**Directions**
Every line in the material below that includes "reporting" should be copied.

**Data supplied**
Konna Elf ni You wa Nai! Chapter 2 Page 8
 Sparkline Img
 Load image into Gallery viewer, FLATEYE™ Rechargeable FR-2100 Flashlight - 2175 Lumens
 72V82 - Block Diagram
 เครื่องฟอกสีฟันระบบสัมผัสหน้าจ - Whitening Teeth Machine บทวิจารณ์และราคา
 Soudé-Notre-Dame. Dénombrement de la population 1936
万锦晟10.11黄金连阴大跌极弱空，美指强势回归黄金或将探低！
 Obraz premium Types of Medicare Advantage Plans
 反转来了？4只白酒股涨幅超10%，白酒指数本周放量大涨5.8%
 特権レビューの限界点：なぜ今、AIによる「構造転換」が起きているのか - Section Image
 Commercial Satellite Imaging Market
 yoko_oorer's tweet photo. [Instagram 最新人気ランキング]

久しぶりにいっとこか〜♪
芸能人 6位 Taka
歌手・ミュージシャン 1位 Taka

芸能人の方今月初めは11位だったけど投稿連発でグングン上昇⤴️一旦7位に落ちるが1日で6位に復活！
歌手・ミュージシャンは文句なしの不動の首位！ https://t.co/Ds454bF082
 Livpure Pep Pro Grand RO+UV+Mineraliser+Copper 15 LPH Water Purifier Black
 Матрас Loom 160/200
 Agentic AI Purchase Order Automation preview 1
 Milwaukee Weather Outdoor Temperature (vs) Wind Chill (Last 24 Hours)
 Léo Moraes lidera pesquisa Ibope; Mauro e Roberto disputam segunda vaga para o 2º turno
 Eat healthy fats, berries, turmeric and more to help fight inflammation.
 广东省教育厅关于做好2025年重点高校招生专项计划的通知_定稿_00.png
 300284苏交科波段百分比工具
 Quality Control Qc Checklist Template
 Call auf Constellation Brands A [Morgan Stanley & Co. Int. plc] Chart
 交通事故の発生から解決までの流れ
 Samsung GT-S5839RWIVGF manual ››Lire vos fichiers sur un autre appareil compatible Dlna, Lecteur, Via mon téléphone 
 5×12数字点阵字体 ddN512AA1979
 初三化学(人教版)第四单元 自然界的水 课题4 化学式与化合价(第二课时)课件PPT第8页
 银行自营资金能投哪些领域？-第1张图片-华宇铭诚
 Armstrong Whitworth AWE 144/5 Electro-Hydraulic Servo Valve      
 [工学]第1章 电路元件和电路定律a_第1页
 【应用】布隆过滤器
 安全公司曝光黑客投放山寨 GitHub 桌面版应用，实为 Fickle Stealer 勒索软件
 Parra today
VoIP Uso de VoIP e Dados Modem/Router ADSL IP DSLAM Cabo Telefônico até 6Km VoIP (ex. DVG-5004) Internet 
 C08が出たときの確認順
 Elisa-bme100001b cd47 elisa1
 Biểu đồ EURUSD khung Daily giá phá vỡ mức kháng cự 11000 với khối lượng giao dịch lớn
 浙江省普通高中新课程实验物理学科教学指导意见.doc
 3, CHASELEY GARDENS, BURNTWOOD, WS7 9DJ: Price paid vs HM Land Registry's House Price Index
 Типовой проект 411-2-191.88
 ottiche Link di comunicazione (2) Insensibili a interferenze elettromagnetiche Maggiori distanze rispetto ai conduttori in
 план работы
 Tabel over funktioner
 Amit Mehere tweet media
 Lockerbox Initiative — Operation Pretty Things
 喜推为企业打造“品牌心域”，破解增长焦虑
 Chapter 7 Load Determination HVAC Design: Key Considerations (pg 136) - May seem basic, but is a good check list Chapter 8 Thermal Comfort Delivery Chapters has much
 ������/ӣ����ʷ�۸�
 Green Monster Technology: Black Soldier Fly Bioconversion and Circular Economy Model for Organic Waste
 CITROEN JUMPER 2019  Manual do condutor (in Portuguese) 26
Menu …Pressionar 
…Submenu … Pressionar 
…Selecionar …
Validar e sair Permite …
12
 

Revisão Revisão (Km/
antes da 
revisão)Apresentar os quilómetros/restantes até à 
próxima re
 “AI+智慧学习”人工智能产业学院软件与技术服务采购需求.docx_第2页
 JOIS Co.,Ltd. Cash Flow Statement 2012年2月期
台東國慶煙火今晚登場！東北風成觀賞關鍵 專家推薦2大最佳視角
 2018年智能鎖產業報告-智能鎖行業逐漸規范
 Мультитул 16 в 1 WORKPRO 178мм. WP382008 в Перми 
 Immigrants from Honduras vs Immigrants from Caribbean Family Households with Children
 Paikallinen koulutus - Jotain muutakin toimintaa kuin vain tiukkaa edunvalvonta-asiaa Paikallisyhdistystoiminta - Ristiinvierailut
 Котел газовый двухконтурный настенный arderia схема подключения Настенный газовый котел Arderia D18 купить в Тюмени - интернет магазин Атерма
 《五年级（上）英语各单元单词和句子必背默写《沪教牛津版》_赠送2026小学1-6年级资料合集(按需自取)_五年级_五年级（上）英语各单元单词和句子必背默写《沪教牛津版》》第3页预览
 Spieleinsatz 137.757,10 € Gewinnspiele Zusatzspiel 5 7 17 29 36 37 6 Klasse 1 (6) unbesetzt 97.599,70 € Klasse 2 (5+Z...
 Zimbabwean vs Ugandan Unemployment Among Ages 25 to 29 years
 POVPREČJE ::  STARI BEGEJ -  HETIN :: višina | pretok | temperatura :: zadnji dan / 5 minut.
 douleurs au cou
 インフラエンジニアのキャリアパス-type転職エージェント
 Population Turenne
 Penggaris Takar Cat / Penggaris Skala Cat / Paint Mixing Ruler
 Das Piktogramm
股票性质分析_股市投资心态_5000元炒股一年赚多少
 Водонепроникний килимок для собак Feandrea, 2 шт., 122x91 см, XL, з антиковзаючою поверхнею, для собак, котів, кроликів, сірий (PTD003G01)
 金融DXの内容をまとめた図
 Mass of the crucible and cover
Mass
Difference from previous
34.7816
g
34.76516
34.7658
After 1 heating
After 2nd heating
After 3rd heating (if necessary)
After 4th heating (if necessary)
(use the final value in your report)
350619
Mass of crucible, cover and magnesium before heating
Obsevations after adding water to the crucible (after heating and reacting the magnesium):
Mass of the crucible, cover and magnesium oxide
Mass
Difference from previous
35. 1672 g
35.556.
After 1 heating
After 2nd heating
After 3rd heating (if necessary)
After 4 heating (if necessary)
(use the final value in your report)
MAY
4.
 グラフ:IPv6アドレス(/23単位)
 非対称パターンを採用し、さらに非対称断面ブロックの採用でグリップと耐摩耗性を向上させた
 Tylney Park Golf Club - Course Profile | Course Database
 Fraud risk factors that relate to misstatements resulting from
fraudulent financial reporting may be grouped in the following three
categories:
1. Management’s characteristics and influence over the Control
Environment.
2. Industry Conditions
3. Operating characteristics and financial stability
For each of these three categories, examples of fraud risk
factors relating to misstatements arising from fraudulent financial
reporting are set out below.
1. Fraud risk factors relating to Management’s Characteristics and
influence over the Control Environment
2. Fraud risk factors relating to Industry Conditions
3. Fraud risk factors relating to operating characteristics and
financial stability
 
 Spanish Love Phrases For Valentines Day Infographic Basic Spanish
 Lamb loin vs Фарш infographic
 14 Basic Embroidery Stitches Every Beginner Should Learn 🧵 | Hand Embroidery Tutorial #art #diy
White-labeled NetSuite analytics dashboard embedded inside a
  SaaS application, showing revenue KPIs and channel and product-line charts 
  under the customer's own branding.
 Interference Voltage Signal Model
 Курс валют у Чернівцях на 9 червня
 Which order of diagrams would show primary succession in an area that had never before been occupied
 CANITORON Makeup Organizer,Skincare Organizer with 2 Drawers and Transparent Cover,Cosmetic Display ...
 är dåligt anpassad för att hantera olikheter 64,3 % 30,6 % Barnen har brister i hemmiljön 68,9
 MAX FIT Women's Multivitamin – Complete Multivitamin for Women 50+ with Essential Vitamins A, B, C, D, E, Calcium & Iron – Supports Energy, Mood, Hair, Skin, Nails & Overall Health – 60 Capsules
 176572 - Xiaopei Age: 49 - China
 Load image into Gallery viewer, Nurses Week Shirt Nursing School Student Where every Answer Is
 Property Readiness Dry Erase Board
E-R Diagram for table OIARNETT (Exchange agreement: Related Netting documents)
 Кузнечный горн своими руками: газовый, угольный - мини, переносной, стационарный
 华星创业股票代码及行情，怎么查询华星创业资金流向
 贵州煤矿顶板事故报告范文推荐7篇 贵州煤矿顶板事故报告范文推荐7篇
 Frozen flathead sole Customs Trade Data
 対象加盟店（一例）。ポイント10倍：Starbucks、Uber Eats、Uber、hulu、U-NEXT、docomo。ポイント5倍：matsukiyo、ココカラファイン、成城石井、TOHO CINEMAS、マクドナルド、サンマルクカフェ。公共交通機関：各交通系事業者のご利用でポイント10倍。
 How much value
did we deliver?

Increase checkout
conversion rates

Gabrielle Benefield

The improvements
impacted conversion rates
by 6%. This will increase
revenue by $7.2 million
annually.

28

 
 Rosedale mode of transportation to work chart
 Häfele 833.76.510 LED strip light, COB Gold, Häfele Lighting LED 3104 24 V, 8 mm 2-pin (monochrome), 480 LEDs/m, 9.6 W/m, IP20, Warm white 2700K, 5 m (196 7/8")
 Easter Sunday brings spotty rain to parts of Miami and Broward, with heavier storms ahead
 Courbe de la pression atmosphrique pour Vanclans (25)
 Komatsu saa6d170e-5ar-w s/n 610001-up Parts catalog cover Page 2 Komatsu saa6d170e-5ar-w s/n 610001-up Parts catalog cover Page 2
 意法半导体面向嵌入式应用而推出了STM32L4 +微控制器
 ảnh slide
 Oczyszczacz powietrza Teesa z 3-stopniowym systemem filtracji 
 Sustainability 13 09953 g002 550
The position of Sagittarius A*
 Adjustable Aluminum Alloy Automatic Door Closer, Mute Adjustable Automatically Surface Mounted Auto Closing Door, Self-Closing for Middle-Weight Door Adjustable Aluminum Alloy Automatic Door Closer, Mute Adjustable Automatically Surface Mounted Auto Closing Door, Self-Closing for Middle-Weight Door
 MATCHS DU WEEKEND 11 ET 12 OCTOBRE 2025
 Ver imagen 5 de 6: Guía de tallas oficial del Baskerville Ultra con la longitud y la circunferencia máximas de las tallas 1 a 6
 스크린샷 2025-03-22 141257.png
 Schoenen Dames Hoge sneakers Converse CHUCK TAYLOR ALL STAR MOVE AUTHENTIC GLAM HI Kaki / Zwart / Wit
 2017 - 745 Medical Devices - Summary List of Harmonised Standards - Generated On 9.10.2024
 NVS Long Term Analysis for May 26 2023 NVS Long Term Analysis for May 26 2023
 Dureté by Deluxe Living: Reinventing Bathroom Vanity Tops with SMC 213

**Reply**
fraudulent financial reporting may be grouped in the following three
reporting are set out below.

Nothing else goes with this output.